Dataset items:
'''
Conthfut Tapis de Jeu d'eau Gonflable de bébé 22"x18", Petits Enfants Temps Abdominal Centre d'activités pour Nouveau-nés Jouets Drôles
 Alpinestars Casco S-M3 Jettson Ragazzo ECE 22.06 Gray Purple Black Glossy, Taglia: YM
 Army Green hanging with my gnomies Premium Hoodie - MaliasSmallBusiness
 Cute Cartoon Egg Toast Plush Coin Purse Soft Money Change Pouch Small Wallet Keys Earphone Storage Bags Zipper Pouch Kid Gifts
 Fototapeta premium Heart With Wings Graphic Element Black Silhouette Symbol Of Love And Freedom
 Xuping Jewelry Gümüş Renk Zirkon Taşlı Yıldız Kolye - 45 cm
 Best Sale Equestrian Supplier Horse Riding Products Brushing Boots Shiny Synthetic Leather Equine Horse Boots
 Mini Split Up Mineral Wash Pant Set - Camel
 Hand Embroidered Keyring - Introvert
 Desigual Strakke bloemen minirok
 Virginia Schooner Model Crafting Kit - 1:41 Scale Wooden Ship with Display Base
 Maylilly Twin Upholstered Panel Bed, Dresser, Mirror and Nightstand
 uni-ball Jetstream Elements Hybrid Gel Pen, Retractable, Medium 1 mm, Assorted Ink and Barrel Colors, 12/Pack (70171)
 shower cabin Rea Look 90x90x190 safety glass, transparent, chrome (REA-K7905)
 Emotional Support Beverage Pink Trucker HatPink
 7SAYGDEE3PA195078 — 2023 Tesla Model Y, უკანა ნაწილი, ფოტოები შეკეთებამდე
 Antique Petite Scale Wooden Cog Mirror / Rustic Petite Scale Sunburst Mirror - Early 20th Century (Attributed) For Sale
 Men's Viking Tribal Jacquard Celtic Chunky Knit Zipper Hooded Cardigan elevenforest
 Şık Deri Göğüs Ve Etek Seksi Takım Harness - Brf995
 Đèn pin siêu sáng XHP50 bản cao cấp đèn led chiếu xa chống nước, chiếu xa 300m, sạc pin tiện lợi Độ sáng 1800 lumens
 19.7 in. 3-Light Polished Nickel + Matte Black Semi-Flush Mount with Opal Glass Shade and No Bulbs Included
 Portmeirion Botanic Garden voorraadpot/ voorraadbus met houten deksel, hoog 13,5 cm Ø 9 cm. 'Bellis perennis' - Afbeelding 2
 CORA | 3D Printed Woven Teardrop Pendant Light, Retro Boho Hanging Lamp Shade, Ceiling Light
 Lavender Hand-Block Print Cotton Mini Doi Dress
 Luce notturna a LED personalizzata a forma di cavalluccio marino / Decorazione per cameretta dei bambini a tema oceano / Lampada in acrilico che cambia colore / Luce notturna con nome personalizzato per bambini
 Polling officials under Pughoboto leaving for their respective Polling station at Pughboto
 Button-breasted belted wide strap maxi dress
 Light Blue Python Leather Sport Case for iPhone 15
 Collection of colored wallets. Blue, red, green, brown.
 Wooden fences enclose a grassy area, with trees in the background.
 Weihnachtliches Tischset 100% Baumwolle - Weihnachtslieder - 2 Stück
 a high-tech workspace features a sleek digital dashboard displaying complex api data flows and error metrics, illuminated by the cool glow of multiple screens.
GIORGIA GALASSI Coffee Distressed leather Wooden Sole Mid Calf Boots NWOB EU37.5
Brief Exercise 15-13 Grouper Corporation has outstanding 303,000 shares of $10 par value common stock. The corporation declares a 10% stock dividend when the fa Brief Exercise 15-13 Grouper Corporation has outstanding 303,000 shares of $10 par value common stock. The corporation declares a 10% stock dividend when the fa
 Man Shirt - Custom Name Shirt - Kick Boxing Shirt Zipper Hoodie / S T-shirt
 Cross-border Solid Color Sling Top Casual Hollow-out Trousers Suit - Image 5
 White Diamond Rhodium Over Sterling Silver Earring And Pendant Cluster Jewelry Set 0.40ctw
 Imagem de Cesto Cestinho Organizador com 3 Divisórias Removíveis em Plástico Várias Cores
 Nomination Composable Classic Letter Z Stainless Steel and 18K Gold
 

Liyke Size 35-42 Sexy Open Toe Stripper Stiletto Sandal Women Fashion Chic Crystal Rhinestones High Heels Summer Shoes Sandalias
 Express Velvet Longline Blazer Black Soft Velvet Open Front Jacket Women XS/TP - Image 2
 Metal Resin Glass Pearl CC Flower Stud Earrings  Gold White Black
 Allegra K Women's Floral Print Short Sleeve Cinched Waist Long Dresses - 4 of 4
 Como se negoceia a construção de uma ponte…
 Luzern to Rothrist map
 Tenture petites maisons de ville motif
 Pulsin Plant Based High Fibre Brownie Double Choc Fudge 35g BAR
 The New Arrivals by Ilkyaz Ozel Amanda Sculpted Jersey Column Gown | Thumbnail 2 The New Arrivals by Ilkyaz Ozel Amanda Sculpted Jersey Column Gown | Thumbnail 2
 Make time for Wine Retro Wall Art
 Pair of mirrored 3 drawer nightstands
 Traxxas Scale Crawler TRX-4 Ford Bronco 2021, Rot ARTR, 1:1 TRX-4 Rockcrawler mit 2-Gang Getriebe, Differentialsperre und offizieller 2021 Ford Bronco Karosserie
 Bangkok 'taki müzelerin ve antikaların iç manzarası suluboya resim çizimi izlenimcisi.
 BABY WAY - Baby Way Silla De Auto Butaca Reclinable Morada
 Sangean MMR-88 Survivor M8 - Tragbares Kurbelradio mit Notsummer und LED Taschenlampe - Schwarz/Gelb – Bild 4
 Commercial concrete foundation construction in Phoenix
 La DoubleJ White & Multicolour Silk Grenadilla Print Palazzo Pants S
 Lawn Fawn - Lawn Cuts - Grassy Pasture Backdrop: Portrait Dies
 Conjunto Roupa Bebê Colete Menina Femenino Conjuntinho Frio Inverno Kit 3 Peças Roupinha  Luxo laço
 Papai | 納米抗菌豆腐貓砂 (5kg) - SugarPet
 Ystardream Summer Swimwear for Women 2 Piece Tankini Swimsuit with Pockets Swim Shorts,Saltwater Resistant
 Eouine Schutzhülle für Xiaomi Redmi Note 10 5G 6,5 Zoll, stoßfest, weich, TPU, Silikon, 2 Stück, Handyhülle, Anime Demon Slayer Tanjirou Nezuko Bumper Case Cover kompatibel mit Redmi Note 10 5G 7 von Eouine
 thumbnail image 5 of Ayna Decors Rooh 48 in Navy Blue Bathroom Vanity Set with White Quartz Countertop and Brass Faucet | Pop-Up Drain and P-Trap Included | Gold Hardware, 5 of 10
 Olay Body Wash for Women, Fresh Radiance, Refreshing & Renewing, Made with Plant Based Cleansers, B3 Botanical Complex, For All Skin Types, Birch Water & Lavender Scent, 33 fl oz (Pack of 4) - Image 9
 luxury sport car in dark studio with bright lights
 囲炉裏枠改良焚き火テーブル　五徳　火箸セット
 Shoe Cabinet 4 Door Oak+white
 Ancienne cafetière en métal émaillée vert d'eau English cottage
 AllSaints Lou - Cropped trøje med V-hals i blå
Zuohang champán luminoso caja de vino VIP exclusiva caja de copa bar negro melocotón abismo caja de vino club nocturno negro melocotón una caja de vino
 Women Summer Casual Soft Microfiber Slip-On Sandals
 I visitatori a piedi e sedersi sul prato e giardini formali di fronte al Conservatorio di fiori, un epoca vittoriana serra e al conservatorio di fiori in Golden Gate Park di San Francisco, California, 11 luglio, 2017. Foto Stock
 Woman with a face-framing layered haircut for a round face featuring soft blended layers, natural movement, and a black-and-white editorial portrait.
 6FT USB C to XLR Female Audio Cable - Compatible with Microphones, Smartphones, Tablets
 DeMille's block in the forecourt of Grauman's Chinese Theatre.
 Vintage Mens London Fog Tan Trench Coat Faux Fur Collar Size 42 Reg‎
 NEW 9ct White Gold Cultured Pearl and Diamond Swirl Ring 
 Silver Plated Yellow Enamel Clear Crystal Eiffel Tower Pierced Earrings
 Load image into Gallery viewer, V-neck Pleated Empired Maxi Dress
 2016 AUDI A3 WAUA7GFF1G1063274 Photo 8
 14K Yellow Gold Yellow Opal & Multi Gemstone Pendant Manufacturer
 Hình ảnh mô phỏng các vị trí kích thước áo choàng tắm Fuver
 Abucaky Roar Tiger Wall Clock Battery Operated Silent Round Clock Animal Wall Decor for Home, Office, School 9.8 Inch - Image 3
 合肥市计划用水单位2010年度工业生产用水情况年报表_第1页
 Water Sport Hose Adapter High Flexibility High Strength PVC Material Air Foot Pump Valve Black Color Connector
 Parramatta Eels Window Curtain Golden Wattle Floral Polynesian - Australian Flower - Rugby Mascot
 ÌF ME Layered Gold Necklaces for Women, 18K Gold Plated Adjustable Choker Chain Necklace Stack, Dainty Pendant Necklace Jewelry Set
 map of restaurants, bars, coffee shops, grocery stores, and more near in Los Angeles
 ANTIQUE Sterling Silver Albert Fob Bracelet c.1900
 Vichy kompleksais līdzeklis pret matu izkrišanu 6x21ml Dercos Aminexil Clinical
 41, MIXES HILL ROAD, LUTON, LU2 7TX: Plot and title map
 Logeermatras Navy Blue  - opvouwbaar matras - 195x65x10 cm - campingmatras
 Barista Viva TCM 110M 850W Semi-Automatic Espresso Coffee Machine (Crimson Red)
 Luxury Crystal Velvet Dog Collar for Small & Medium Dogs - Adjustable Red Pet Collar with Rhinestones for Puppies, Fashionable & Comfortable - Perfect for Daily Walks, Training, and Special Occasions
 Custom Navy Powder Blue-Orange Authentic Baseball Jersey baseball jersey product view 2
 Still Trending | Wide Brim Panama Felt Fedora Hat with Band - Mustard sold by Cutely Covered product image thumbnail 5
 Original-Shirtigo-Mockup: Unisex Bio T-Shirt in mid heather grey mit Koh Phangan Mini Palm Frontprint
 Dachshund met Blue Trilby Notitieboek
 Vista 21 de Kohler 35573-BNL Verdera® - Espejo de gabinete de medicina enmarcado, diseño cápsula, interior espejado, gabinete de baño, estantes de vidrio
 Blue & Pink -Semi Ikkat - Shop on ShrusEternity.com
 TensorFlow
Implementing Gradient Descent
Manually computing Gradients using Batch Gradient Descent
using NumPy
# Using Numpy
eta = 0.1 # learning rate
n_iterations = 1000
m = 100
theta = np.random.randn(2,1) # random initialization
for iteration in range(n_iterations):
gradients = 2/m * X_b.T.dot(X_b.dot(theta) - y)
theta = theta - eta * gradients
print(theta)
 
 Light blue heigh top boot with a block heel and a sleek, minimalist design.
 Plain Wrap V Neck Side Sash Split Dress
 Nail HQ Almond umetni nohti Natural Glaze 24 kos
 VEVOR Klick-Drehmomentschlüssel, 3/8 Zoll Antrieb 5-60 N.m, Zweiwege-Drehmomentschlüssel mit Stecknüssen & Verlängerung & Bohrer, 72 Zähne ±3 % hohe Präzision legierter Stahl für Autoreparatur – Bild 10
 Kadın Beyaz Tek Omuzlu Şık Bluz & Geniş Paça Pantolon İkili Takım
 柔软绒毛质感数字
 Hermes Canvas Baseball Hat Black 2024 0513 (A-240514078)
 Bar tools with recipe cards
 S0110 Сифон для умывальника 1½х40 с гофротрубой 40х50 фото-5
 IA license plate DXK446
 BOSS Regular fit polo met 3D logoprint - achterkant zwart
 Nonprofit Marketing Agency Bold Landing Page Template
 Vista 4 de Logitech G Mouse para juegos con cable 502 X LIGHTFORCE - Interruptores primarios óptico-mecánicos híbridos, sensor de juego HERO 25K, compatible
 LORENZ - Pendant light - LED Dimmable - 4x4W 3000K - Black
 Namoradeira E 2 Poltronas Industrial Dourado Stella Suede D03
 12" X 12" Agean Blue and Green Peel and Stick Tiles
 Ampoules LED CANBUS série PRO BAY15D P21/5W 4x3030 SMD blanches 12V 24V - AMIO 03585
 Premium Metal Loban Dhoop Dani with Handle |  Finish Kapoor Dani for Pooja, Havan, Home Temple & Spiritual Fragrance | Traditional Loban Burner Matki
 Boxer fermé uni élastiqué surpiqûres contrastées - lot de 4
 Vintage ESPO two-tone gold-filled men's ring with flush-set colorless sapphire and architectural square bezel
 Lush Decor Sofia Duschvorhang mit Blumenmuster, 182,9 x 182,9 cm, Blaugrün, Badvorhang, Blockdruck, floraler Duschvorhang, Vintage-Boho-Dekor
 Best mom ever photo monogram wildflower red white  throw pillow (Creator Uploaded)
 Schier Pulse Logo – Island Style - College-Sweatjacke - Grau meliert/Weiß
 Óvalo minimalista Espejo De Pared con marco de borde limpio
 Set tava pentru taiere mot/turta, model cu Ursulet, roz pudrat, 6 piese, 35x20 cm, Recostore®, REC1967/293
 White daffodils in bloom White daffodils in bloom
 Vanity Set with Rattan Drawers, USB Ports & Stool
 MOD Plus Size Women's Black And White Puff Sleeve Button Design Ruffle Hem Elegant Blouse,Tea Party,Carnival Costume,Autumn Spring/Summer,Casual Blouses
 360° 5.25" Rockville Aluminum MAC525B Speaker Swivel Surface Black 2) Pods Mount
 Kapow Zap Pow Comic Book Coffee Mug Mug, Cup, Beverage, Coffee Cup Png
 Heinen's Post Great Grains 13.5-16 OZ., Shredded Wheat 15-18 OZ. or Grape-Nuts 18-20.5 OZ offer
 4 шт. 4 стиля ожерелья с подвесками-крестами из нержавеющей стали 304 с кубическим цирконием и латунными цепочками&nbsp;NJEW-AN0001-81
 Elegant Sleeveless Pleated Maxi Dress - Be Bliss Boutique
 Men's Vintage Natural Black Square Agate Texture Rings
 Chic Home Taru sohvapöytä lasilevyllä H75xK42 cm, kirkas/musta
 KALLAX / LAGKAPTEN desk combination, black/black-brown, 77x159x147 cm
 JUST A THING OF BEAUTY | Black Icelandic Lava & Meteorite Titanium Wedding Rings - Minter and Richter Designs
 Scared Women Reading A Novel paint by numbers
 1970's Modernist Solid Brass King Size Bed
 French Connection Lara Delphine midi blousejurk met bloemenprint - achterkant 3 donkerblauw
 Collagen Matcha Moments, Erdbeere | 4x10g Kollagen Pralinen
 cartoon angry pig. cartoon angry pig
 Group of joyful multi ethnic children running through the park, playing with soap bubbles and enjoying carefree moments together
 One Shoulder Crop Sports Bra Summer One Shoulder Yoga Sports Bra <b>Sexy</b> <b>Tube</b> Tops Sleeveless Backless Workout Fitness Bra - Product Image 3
'''
# [BRIEF]
Up to and including the line with "Best Sale Equestrian", repeat the entries exactly, beginning at their first line.

# [SOLUTION FOR THIS PROBLEM]
Conthfut Tapis de Jeu d'eau Gonflable de bébé 22"x18", Petits Enfants Temps Abdominal Centre d'activités pour Nouveau-nés Jouets Drôles
 Alpinestars Casco S-M3 Jettson Ragazzo ECE 22.06 Gray Purple Black Glossy, Taglia: YM
 Army Green hanging with my gnomies Premium Hoodie - MaliasSmallBusiness
 Cute Cartoon Egg Toast Plush Coin Purse Soft Money Change Pouch Small Wallet Keys Earphone Storage Bags Zipper Pouch Kid Gifts
 Fototapeta premium Heart With Wings Graphic Element Black Silhouette Symbol Of Love And Freedom
 Xuping Jewelry Gümüş Renk Zirkon Taşlı Yıldız Kolye - 45 cm
 Best Sale Equestrian Supplier Horse Riding Products Brushing Boots Shiny Synthetic Leather Equine Horse Boots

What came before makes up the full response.